Open-source software for volunteer computing and grid computing.
https://boinc.berkeley.edu
GNU Lesser General Public License v3.0
1.95k stars 439 forks source link

client: if GPU is missing, discard app versions and results that refer to it. #5577

Closed davidpanderson closed 2 months ago

davidpanderson commented 2 months ago

This addresses an issue introduced when we changed GPU names from (e.g.) 'Apple M3 Pro' to 'apple_gpu'.

Note: this means that if a host has in-progress jobs using a discrete GPU, and you remove that GPU, those jobs will be discarded. This is a change, which I think is good because otherwise you'd get error messages forever.

AenBleidd commented 2 months ago

@davidpanderson, I think this is quite a dangerous change. Please see my email for more details.

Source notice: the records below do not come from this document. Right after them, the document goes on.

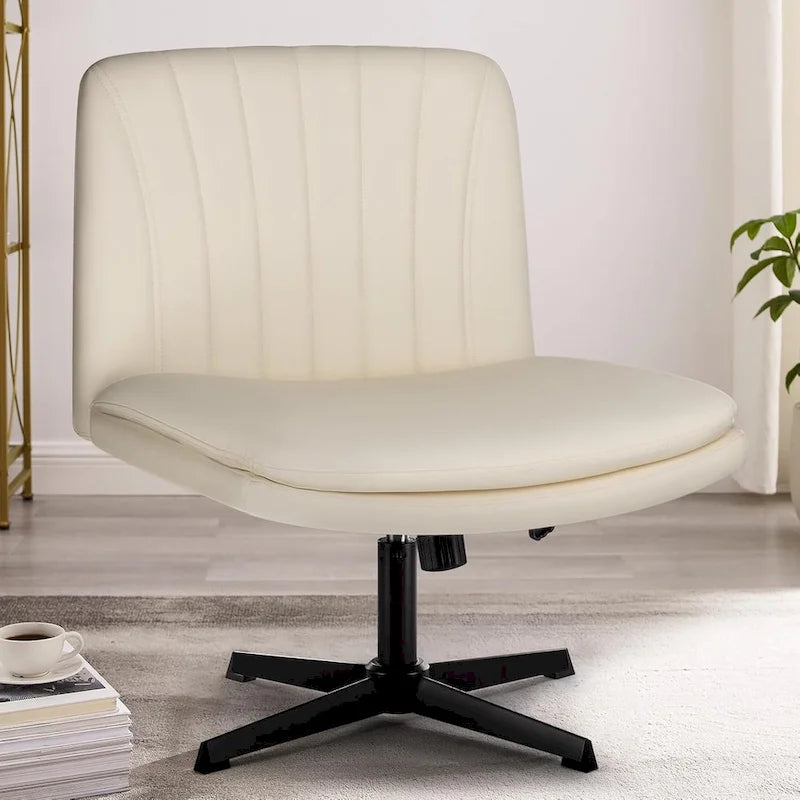 BOSSIN Chaise de Bureau sans Roues, Fauteuil de Bureau sans Accoudoirs en Cuir PU Rembourré Moderne Pivotant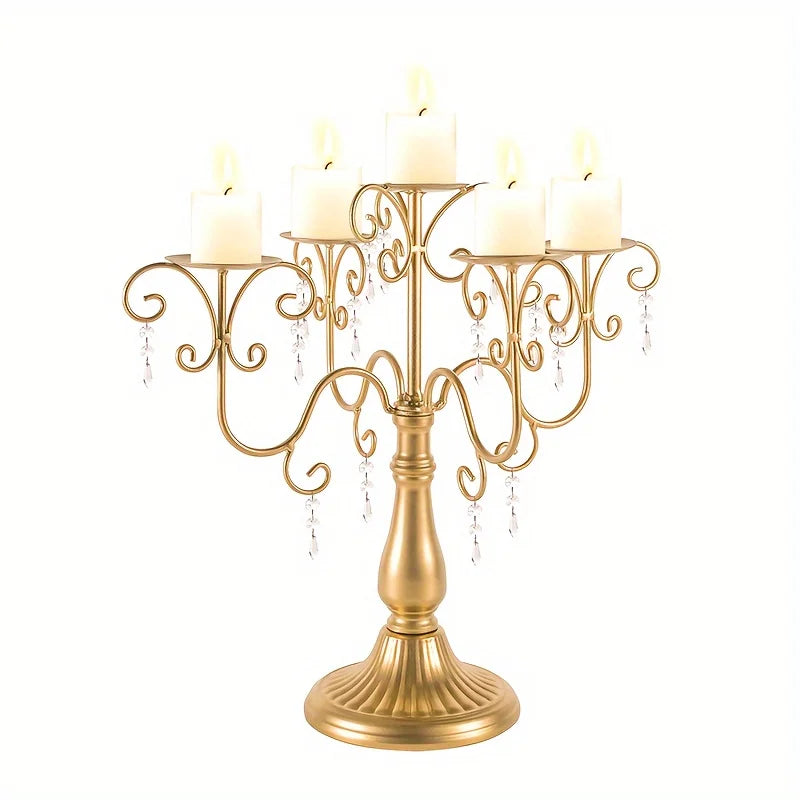 Metal Five Arm Candle Holder Set, 15.3-inch.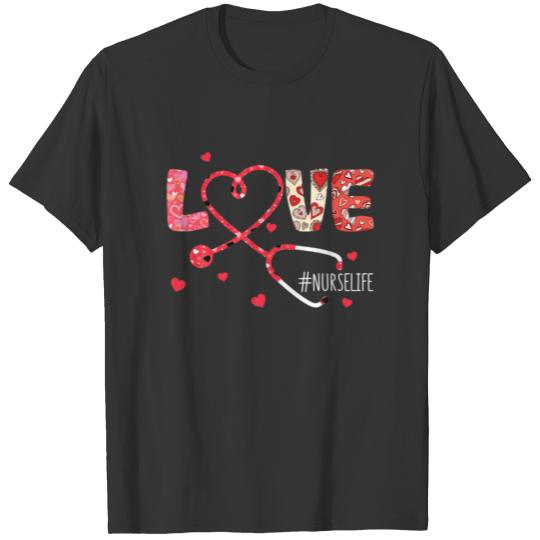 Love Nurse Valentine Gifts Stethoscope RN LP CNA N T-shirt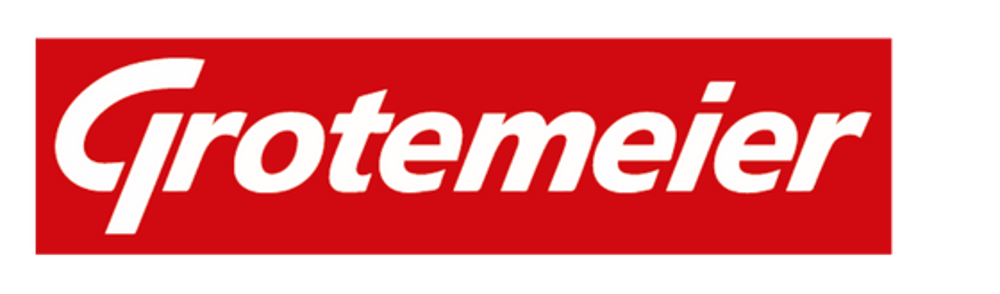 Grotemeier-Logo in weißer Schrift auf rotem Hintergrund.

RichardHaselgrove commented 2 months ago

I agree with Vitalii - this change needs, at the minimum, more thought. One significant problem: with modern versions of Windows, an operating system update and reboot can take place "outside working hours" without the explicit approval of the user. The sequence of component restarts can be ill-defined: it is possible for BOINC to restart before the video drivers have loaded and are ready for use. In that case, the GPUs are logged as being missing - but it's only a transient situation. Shutting down the client and restarting it resolves the problem.

Discarding the task is wasteful of project resources and the user's internet bandwidth.

AenBleidd commented 2 months ago

I'm making this PR a draft to discuss this change.

CharlieFenton commented 2 months ago

Instead of this why not just allow the old Apple GPU (or whatever it was) as an alias for the new name? That would provide backward compatibility.

CharlieFenton commented 2 months ago

… or accept any GPU name containing Apple

davidpanderson commented 2 months ago

It doesn't matter if a few jobs get discarded.

davidpanderson commented 2 months ago

Oops! I fixed the messages in each case